Interpretive Summary: Soybean mosaic virus (SMV) is an important viral pathogen affecting soybean production in Korea and other Asian countries. The genetic and pathogenic variability of SMV isolates from seven Korean provinces was investigated and compared with those of previously characterized SMV isolates from China, Korea and the United States. The analysis identified a SMV isolate with reduced virulence that contained mutations in viral genes that are required to counteract the antiviral defenses of soybean plants. When a subset of the mutations present in the less virulent SMV isolate was introduced into a virulent SMV isolate, the modified virus had low virulence, but quickly reverted back to the non-mutant state. The observation that the original SMV isolate with low virulence was genetically stable in nature suggested that a combination of mutations worked together to stabilized the virus’s genome. The results of these studies will be of interest to other scientist who are studying the interactions between viruses and plants that cause disease symptoms. The results will also be useful to scientist who are working to develop virus-based systems to disrupt soybean gene expression.
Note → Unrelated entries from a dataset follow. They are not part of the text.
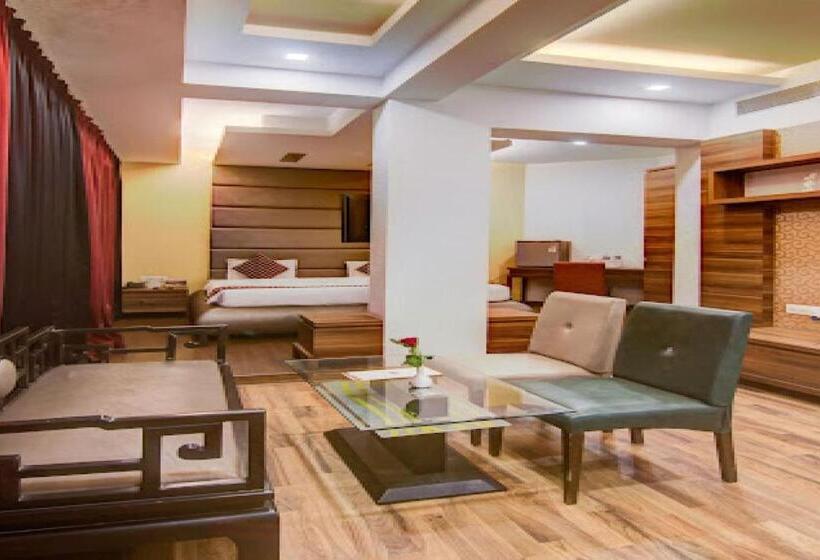 Hotel Collection O  Rr Boutique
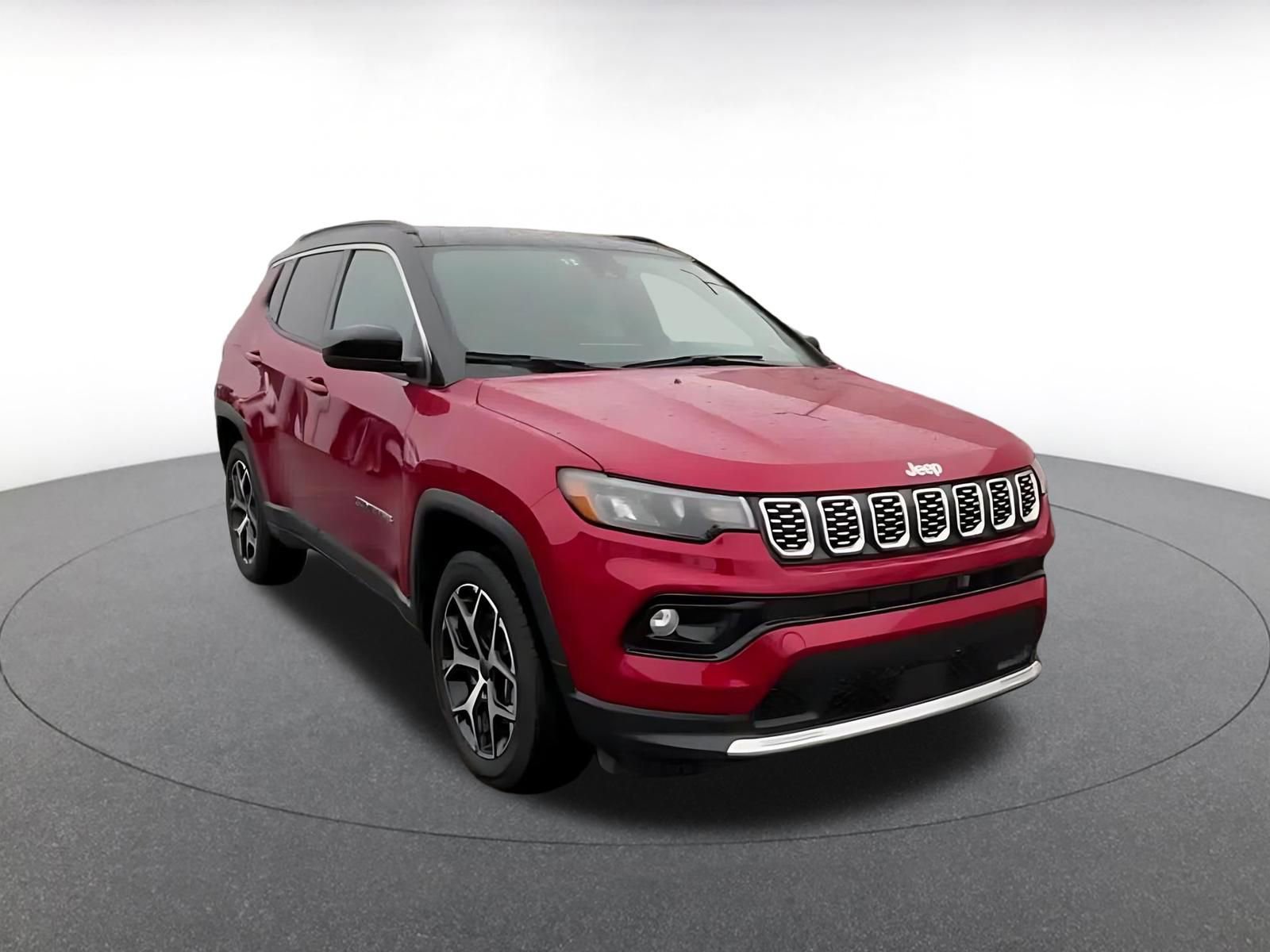 Used 2025 Jeep Compass Limited AWD/4WD image 3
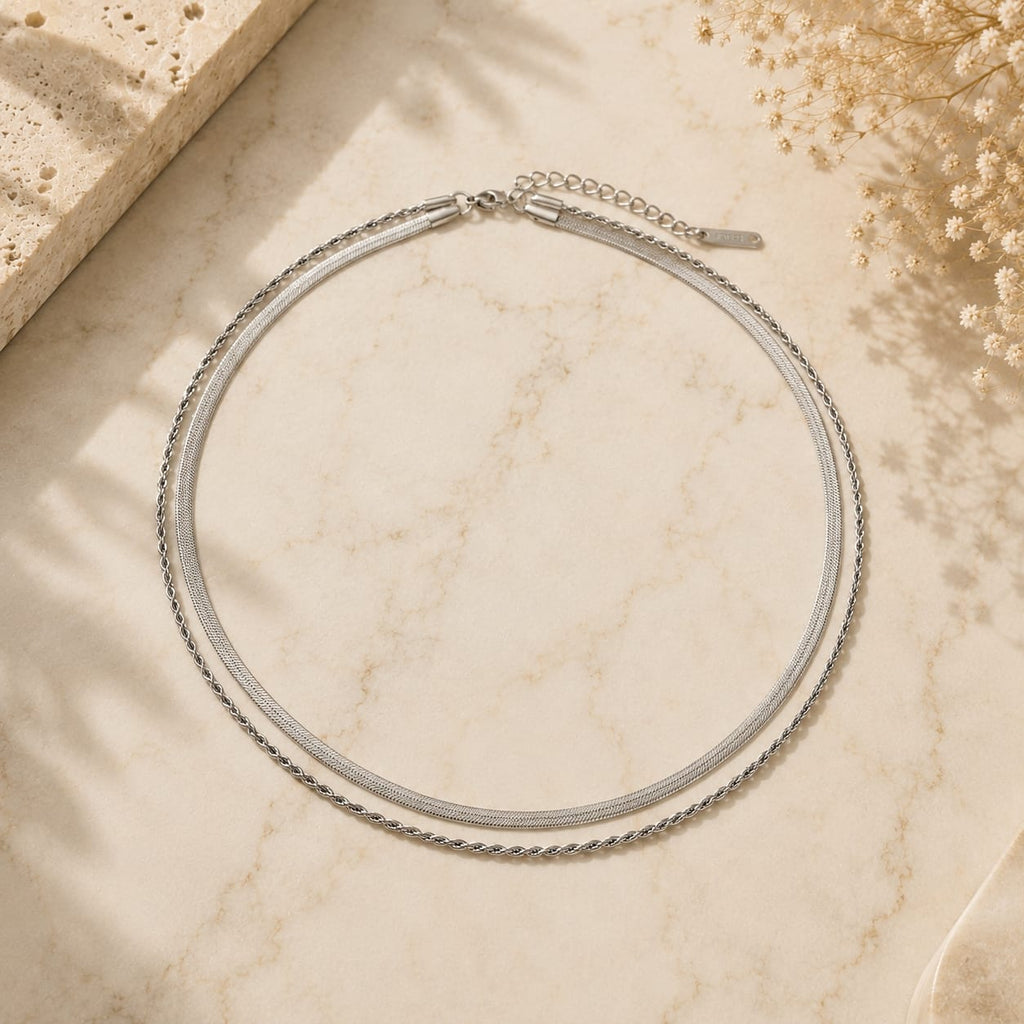 Double layered herringbone και rope chain κολιέ ασημί, ανοξείδωτο ατσάλι, flat lay σε travertine — Celestial Steel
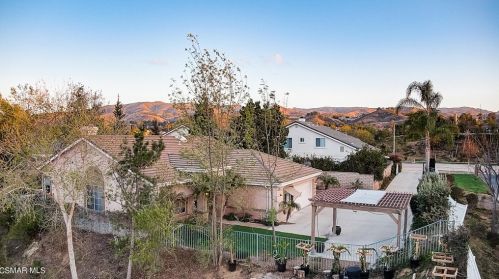 1267 Fitzgerald Rd, Simi Valley CA 93065-4480 exterior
Technical Abstract: Soybean mosaic virus (SMV), a member of the family Potyviridae, is an important viral pathogen affecting soybean production in Korea. The variability in helper component proteinase (HC-Pro) sequences and pathogenicity of SMV tissue samples from seven Korean provinces was investigated and compared with those of previously characterized SMV isolates from Korea and the United States. Phylogenetic analysis separated 16 representative new Korean SMV isolates into two groups. Fourteen of the new Korean SMV samples belonged to Group II and were very similar to U.S. strain SMV G7 and Chinese isolate C14. One isolate in Group II, A297-13, differed at three amino acid positions (L54F, N286D, D369N) in the HC-Pro coding sequence from the severe isolates and SMV 413, showed very weak silencing suppressor activity, and produced only mild symptoms in soybean. To test the role of each of the amino acid substitutions in RNA silencing and viral RNA accumulation, a series of point mutations was constructed. Substitution of N for D at position 286 in HC-Pro of SMV A297-12 significantly reduced silencing suppression activity. When the mutant HC-Pro of A297-13 was introduced into an infectious clone of SMV 413, accumulation of viral RNA was reduced to less than 3% of the level of an infectious clone of SMV 413 containing the HC-Pro of A297-12 at 10 days post inoculation (dpi), but increased to 40% of A297-12 at 40 dpi and finally RNA accumulated to a similar level as A297-12 at 50 dpi. However, at 50 dpi the D at position 286 of HC-Pro was found to have reverted to N. The results showed that a naturally occurring novel mutation in HC-Pro significantly reduced silencing suppression activity and accumulation of transgene and viral RNAs, and that there was strong selection for revision to wild type when the mutation was introduced into an infectious clone of SMV.